Of the two coalition government partners, they are the ones voters have rounded on.
If you’re a rank and file member of the Lib Dems, you must be feeling very flat today. All those years of desperation to be in a position where your party had a say in the governing of the country. And when you finally get into power by joining with the Tories, people make you the whipping boys in the first chance they get to pass judgment via the ballot box.
In East Hampshire, the Tories took nine seats from the Lib Dems. It was so bad that even the Lib Dem leader Jerry Janes was toppled, while the party lost one Horndean seat it had held for a quarter of a century. Over in Chichester it was a similar story, with the Lib Dems losing three seats and the Tories gaining four.

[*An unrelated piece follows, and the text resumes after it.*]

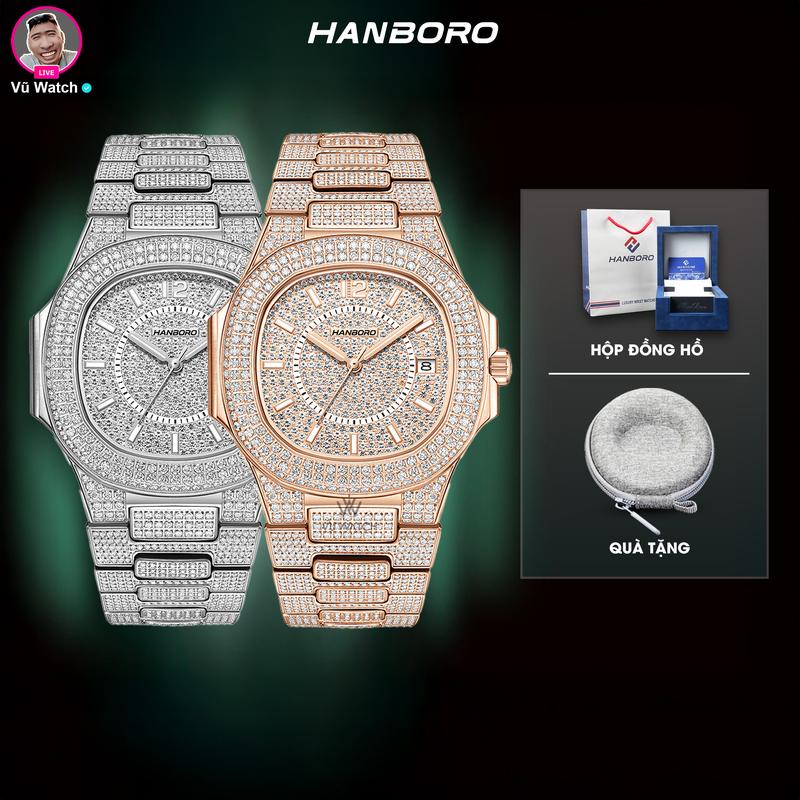 Đồng hồ nam Hanboro 8025 [5355] khung bạc & khung vàng  full đá size 40mm |Tặng kèm bóp đựng đồng hồ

Of course it isn’t the first time in history that Lib Dem optimism about holding power has backfired. Remember party leader David Steele telling party members in 1981 to go back to their constituencies and prepare for government? It never happened.
Now the party IS part of the government of the day, but voters have sent a clear message that they are not happy with how the Lib Dems have behaved as they sit at the top table with the Tories and make decisions that affect us all.
Local election candidates talk of the issue of tuition fees coming up again and again on the doorstep.
To many, it’s about trust. The Lib Dems pledged not to raise the fees and then, once in power, were complicit in trebling them – and scrapping the Education Maintenance Allowance.
A coalition of compromise was never going to be easy, particularly between such odd bedfellows as the Tories and the Lib Dems. But the Lib Dems now need to think long and hard about where they go from here – and how they win back the confidence of people who feel betrayed.